Project3: Image Classification

A deep learning model that classifies images into categories.

Project Overview

This project involves building a deep learning model using convolutional neural networks (CNNs) to classify images into predefined categories. The model is trained on a large dataset of images and can be used for various applications such as object detection, image recognition, and more.

Technical Details

The model is built using TensorFlow and Keras, utilizing a CNN architecture with multiple layers to extract features from images.

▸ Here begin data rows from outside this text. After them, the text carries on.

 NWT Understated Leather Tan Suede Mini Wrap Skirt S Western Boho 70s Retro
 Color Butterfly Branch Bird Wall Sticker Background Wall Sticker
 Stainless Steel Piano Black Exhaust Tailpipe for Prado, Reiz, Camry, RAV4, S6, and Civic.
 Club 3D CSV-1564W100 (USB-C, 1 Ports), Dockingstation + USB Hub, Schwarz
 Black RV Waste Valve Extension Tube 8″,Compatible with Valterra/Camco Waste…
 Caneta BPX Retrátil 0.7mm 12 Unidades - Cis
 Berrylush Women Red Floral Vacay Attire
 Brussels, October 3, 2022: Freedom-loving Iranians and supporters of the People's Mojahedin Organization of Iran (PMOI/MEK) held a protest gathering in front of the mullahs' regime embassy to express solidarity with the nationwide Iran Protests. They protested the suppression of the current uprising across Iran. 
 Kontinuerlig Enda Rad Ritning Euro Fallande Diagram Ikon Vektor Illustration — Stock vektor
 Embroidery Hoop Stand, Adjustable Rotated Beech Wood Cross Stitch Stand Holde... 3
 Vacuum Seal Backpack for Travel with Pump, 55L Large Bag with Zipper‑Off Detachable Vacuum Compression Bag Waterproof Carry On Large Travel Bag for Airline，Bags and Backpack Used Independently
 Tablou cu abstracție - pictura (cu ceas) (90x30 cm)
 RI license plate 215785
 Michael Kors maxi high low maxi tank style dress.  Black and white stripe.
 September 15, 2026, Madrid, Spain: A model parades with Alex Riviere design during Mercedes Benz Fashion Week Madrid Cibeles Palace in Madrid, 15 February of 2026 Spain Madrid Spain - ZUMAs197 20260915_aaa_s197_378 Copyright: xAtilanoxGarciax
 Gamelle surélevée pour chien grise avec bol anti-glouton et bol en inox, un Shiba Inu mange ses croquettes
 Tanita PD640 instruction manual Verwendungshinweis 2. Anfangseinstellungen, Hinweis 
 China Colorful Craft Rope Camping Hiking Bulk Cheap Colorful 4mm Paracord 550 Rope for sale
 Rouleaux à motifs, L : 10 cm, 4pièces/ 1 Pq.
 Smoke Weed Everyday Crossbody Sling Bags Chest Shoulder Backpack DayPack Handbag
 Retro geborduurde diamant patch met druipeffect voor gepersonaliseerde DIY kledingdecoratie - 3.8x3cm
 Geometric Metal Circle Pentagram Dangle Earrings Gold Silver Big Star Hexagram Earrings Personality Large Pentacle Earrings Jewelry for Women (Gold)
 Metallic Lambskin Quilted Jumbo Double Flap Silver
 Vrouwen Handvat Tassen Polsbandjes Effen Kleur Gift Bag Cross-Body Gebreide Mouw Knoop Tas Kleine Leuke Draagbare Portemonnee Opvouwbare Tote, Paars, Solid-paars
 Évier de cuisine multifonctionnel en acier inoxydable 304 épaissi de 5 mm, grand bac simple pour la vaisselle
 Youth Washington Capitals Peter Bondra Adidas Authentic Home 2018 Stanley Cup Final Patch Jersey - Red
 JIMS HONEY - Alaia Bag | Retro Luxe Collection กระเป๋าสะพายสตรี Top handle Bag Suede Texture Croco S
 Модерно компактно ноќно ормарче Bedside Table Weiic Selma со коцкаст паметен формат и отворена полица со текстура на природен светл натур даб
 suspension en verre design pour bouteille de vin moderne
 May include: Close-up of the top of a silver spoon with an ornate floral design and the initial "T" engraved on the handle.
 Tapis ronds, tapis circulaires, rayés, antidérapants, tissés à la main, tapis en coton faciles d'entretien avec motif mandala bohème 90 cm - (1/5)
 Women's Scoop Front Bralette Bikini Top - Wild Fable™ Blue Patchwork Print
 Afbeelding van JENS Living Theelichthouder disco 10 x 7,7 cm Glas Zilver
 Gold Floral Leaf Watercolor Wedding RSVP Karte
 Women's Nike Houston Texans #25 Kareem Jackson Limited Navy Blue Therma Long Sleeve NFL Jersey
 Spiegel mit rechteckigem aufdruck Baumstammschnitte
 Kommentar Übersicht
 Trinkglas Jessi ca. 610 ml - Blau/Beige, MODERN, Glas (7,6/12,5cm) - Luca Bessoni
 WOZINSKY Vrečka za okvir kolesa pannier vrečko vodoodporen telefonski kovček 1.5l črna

The training process involves data augmentation to improve the model's robustness and accuracy.

import tensorflow as tf
from tensorflow import keras

# Define the model architecture
model = keras.Sequential([
 keras.layers.Conv2D(32, (3, 3), activation='relu', input_shape=(224, 224, 3)),
 keras.layers.MaxPooling2D((2, 2)),
 keras.layers.Flatten(),
 keras.layers.Dense(128, activation='relu'),
 keras.layers.Dropout(0.2),
 keras.layers.Dense(10, activation='softmax')
])

# Compile the model
model.compile(optimizer='adam', loss='sparse_categorical_crossentropy', metrics=['accuracy'])
 

Results and Future Work

The model achieves a high accuracy rate on the test dataset. Future work includes expanding the dataset to include more categories and improving the model's performance using transfer learning and other advanced techniques.